Od 6 lipca nowo produkowane, a od 2024 roku absolutnie wszystkie auta poruszające się po terenie Unii Europejskiej będą musiały być dodatkowo wyposażone. Oznacza to, że planujący zakup nowego auta muszą liczyć się z dużo wyższymi cenami, a użytkownicy samochodów z dodatkowymi wydatkami, bowiem koszt samej czarnej skrzynki to około 400 zł.
Czarna skrzynka ma rejestrować dane dotyczące parametrów jazdy, takie jak prędkość, użycie hamulca, aktywność tempomatu oraz zapięcie pasów bezpieczeństwa. System ma uruchamiać się na parę sekund przed prawdopodobnym wypadkiem i służyć za pomoc w ustalaniu przyczyn. Władze Unii Europejskiej deklarują, że informacje z czarnej skrzynki będą mogły być udostępnione na polecenie organów ścigania.

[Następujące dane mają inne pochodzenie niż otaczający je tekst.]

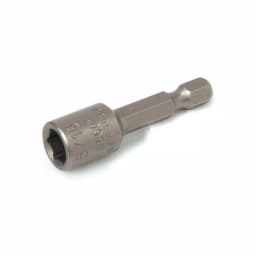 Klein Tools 5/16 in. Magnetic Hex Drivers, 3-Pack thumbnail 2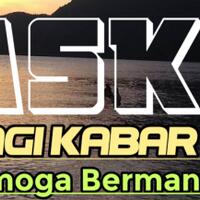 lirik-lagu-mama-papa-larang---judika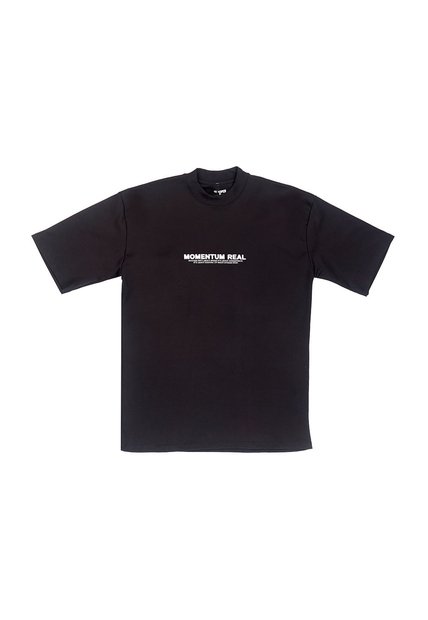 CAMISETA KOPER HOMBRE 2589 Talla L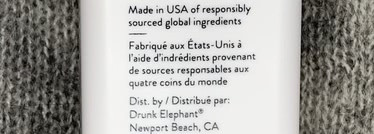 Увлажняющая сыворотка от Drunk Elephant B-Hydra Intensive Hydration Serum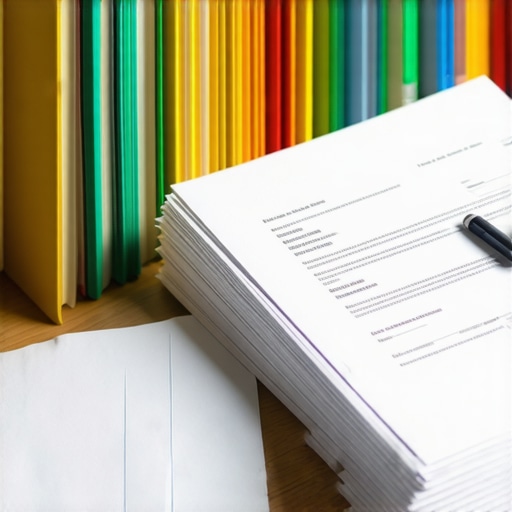 How to Document a Legitimate Job Search for Your PERM Labor Certification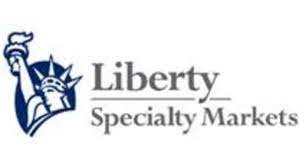 Protect your business with liberty mutual insurance. Liberty France Lance Quatre Nouvelles Lignes D Assurance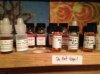 DIY Lab 5 081714.jpg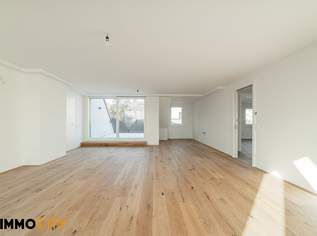 Traumhafte Dachgeschosswohnung mit perfekter Raumaufteilung – 4-Zimmer-Wohnung mit 17 m² Terrasse, Erstbezug, luxuriöser Neubau mit erstklassiger Ausstattung & Garage, 1449000 €, Immobilien-Wohnungen in 1190 Döbling Traumhafte Dachgeschosswohnung mit perfekter Raumaufteilung – 4-Zimmer-Wohnung mit 17 m² Terrasse, Erstbezug, luxuriöser Neubau mit erstklassiger Ausstattung & Garage, 1449000 €, Immobilien-Wohnungen in 1190 Döbling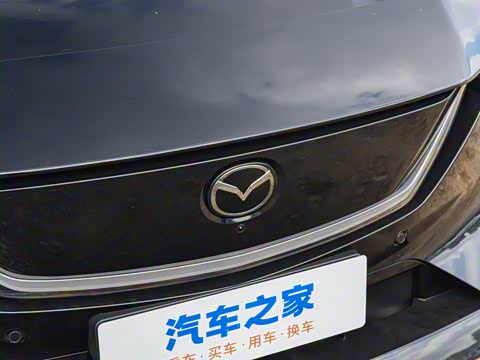 2025�� ����200 Pro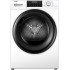 Сушильная машина Haier HD90-A2929B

ISA (Intelligent Speed Assist) to system, który ma informować o zbyt szybkiej jeździe, dostosowywać prędkość do rodzaju drogi i panujących warunków, a nawet automatycznie zmniejszać prędkość. System ma łączyć się z nawigacją i rejestrować ograniczenia prędkości obowiązujące na danym odcinku.
Zmotoryzowani muszą się zatem liczyć się z kolejnymi dodatkowymi kosztami, a jakimi? Pewnie przekonamy się już wkrótce.